Demons that so haunted and then inspired a survivor

June 8, 2015 09:32
Morbid: David Tennant used the composer's skull in his 'Hamlet'

ByGloria Tessler, Gloria Tessler

3 min read

It may seem strange that three Jewish composers based operas on Shakespeare's The Merchant of Venice. But, among them, André Tchaikowsky was unique.

A child survivor of the Warsaw Ghetto, his opera was performed at Warsaw's Wielki Theatre last October conducted by Lionel Friend, and premiered the previous year at the Bregenz Festival in Austria. Welsh National Opera is to stage the work next year for the 400th anniversary of Shakespeare's death.
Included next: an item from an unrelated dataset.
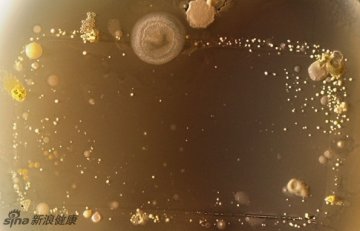 手机暗藏大量细菌 这是显微镜下的景象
Tchaikowsky was known for his love of Shakespeare. And it has perhaps taken a Nazi survivor to reflect a more subtle and sympathetic view of Shylock. A protégé of distinguished pianist Artur Rubinstein, Tchaikowsky finished the opera days before his death from colon cancer in 1982 at the age of 46. The final 24 measures of orchestration were completed posthumously by composer Alan Boustead.

A new book, My Guardian Demon, based on a 25-year correspondence between the composer and Halina Janowska, his muse and not-quite-lover, sheds light on the complexity of his personality, his homosexuality, her doomed, immersive infatuation. It also reflects the difficulties he experienced as a child in the ghetto.